Almost one in three new buy-to-let mortgages have initial terms lasting at least five years as intermediaries place more longer-term business.
Fixed rates remain most popular overall, responsible for 79% of cases, although there has been a small revival in the number of brokers setting up trackers.
Paragon Mortgages’ quarterly intermediary tracking survey showed 30% of buy-to-let cases were for terms of five years or more.
This covers both trackers and fixed rates and is an increase on the previous quarter's figure of 26%.
The number of two and three-year terms dropped from 71% to 66% over the same period.

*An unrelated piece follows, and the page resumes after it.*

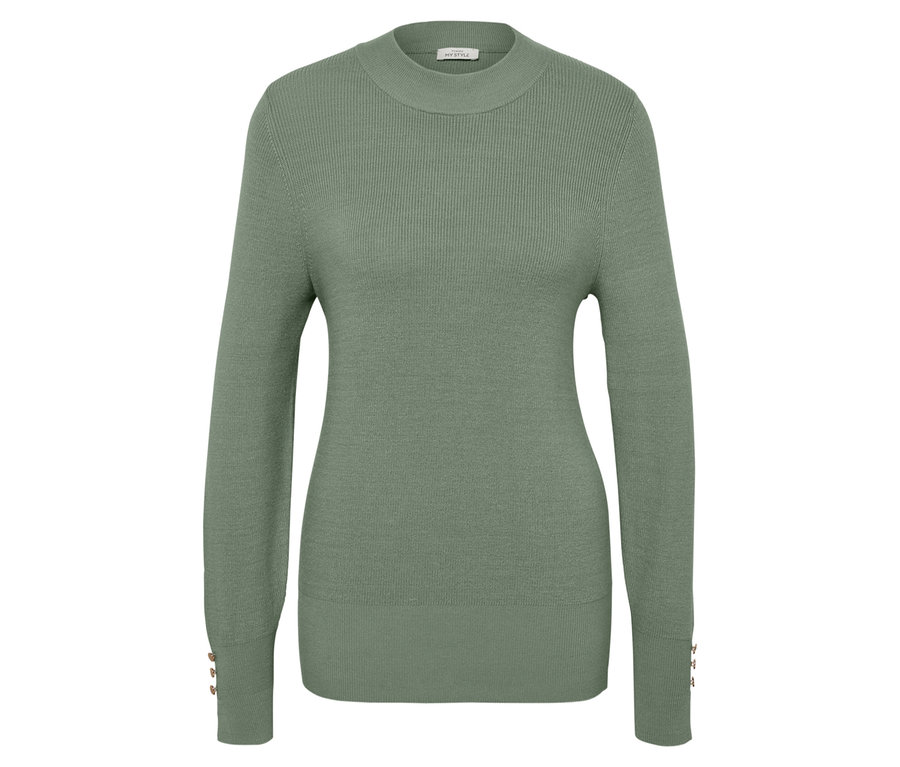Sweter z cienkiej dzianiny, szałwiowy.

Tracker products have seen their popularity steadily decline over the last three years but this trend now appears to be shifting. Tracker products accounted for 18% of cases in Q1 2015, up from 15% in Q4 2014.
Despite the modest improvement in the sale of tracker products, intermediaries recommend a fixed rate product in four out of every five sales.

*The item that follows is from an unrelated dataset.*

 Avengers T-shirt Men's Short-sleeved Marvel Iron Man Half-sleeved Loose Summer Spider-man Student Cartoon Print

Intermediaries are also feeling more positive about future levels of mortgage business, with those surveyed expecting a 6% increase in case volumes in the second quarter.
John Heron, managing director, said: “The gap between fixed rate and tracker rate sales widened significantly from the start of 2012, and it is not since 2010 that we have seen tracker and fixed rates selling in equal numbers.
“While concerns over imminent increases in interest rates may have abated, it is clear that landlords are continuing to take a cautious approach by selecting fixed rates in much larger numbers and over longer period.”